A quick check on Clay Holmes numbers would tell you that he has been lights-out this year, with a 2.84 ERA, a 2.41 FIP, a 53.1 percent groundball rate, and 11.37 strikeouts per each nine innings in 25.1 frames. However, if you have followed the Yankees this season, you probably know that he has been inconsistent.
In fact, up until May 3, Holmes had a 6.30 ERA. Yet, his FIP until that day was a solid 2.98. He was bound for some positive regression, but more often than not, fans evaluate players for their performance and not by looking under the hood. And it’s fine for the most part: it’s what’s available to the sight.
Still, what Holmes has done since May 6th up to this point is nothing short of amazing. Over his last 15 games, he has allowed just one earned run over 15.1 innings, for a fine 0.59 ERA of 0.59. He also has a 2.04 FIP over that span, and a 7/20 BB/K ratio.

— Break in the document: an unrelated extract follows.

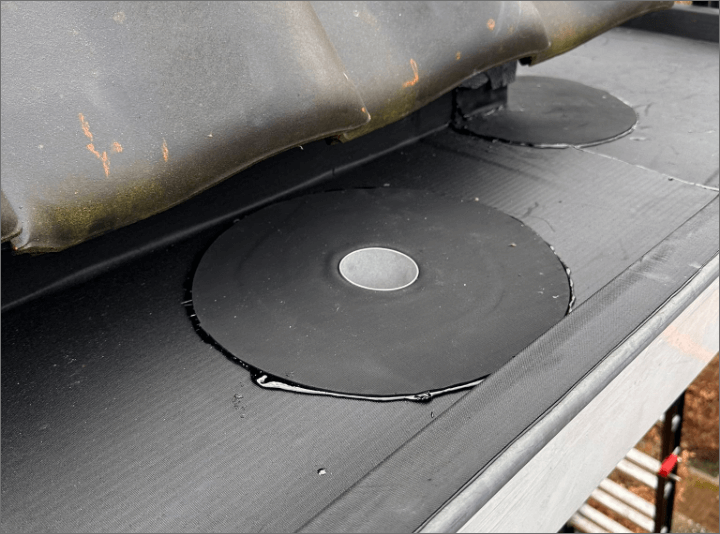 Strak afgewerkte EPDM dakgoot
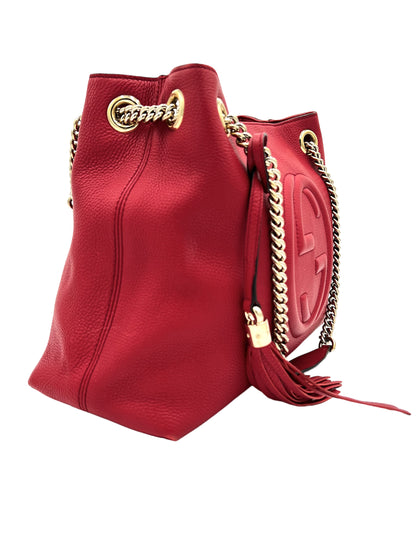 BOLSO DE HOMBRO MEDIANO SOHO CON CADENA GUCCI DE BECERRO PEBBLED ROJO TABASCO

What’s behind the surge? Yes, positive regression is one of the answers. However, Holmes’ slider is also an important factor fueling his turnaround. The shape of the pitch is different than it was last season, and its usage patterns have also been different.
It’s important to remember that Holmes was cruising in the first half last year, with a 1.31 ERA. Then, he struggled mightily after the break with a 4.84 ERA. He probably spent a large portion of the offseason trying to improve and gain some consistency, so it must have been crushing for him to post that 6.30 ERA after a bit over a month of action to open the year.
It took a while, but Holmes is now looking like a reliable late-inning weapon again. Re-shaping his slider seems to have helped him take off.
The pitch now has more vertical break. As a result of this offering’s effectiveness, he is using more sliders and sweepers at the expense of his trademark sinker. He threw the latter more than 80 percent of the time last year and it is at 64.8 percent this season.
Holmes, per Baseball Savant, throws both a slider and a sweeper. The latter is a bit slower and has more horizontal break. The former, however, has developed into a deadly weapon with sudden, pronounced vertical break (drop).
This was Holmes’ slider last season:
And this is how it looks this year:
In his last 15 games, the proportion of sinkers Holmes throws compared to sliders and sweepers is now at 63-37. Both his old slider (45.2 percent whiff rate in 2022) and this year’s edition (46.8 percent) were swing and miss weapons, so why not use it more often?
Per Savant, he has decreased both his sweeper (13.2 percent to 10.8) and sinker (80.1 percent to 64.8) usage last year to up his slider usage from 6.6 to 23.9 percent. It makes perfect sense, and it’s paying off.
At one point last season, hitters knew that Holmes was likely throwing a sinker and given the incredible movement the pitch has, there was a good chance it landed out of the zone. He was almost a one-trick pony, and it worked for a while. Then, the need to throw more sliders and sweepers to keep batters honest became real and he made adjustments.
Not only is Holmes throwing more sliders, but he is also showing a new, improved version of the pitch. It says a lot about his commitment to the team and his ability to adjust, and both are necessary traits in a successful major leaguer.